The second philosophical issue that arises from it he draws attention to by dwelling on a significant objection raised at 103A by an anonymous participant (Phaedo can’t remember who!), which serves to draw a distinction between opposites being generated from opposites in particular things and opposites themselves becoming opposites. This in turn directs attention to the body as a substrate for opposite qualities, something that K. sees as looking forward to the deeper analysis of the role of body, and the material substratum in general, in the Timaeus, particularly 48E-52D.

K.’s contention, then, is that there is a cosmological theory underlying the Phaedo that should not be ignored, just because the dialogue is customarily presented as concerning the immortality of the individual soul, and this theory, as one would expect, points forward to the Timaeus.

Of the Timaeus he selects two aspects, one quite particular (though it acquires ramifications) and the other pretty general, and he has interesting points to make about both. He begins (pp. 87-148) with the (linguistically troublesome) address of the Demiurge to the Young Gods at 41a7, Theoi theôn, and he makes this the basis for a wide-ranging discussion of the nature of divinity in the work. He begins with a useful survey of the various ms. readings of the opening sentence and the various views on the interpretation of the salutation itself. On that, I must say that I have been in the past unable to accord a plausible meaning to the genitive theôn if it is assumed to qualify theoi. K., however (pp. 119-46), makes the possible meanings of the genitive the occasion for a series of interesting investigations into the status of the planetary gods and the traditional gods, before plumping for a partitive genitive as the best bet, and then assuming erga, in apposition to theoi, as antecedent of hôn, the whole to be translated ‘Ihr Götter unter den Göttern, ihr Werke, deren Hersteller und Vater ich bin …’ Not a bad solution, I think.

He continues with an in-depth investigation of the varieties of motion set out in the dialogue and the theory behind them (pp. 149-220), covering the movements of bodies, of the Soul, and the circular movement of Intellect, all in exhaustive detail. What emerges from all this which is of particular interest is his analysis of the relation between the self-motion of the soul and the actions of the Demiurge. As he analyses the situation, the Demiurge himself must be an intellect, with the paradigm as its contents, but the soul also must have an intellect, which is a projection of Intellect itself (pp. 188-92).
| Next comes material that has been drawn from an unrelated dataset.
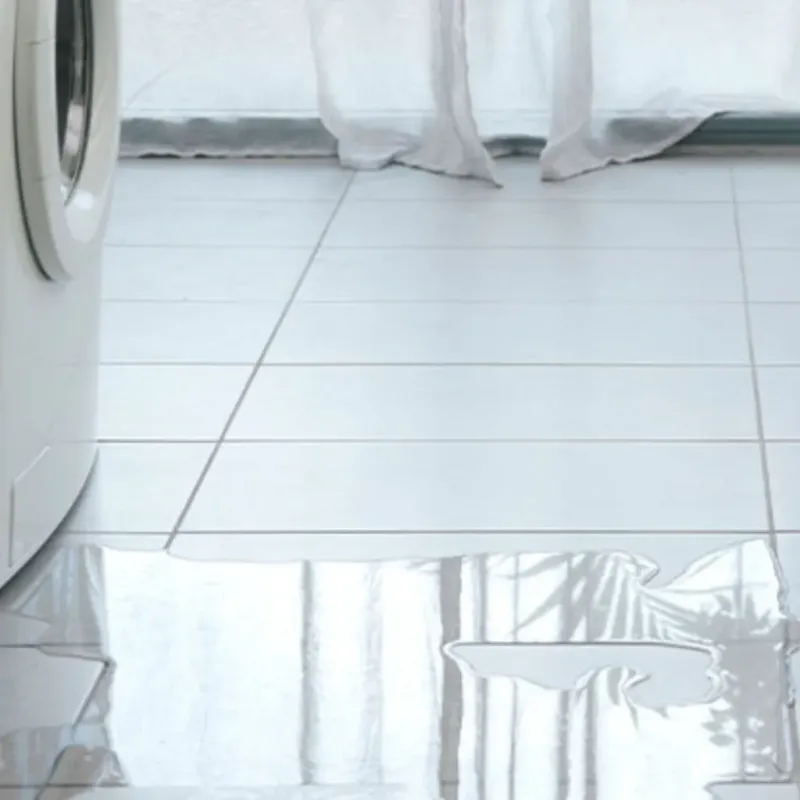 Appliance Leak Cleanup in Nederland, TX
K.’s analysis seems to me perfectly sound, but I am tempted to go one step further, and wonder if perhaps what Plato is seeking to present to us is after all nothing but a rational World-Soul.
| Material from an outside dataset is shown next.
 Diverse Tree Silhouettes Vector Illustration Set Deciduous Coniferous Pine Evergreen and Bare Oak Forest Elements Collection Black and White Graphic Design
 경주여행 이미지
K. himself does entertain this possibility, as at least an interpretation of the Timaeus in the later Academic tradition, in the second and third of his Beilagen, on the Theory of Motion in Book X of the Laws, and on Nous and Soul in the Laws and among Plato’s pupils (including Aristotle), where he grants that, whatever Plato himself intended in Book X, Philip of Opus in the Epinomis certainly sees a rational World-Soul as the supreme cosmic principle. At any rate, he brings out well the fact that the relation between a Nous and a World Soul remains a lively subject of discussion among Plato’s immediate followers.

This is a book full of sound analysis and stimulating insights and should be essential reading for anyone now embarking on a study of Phaedo or the Timaeus, or indeed of Plato’s later theory of the nature of the supreme principle in general.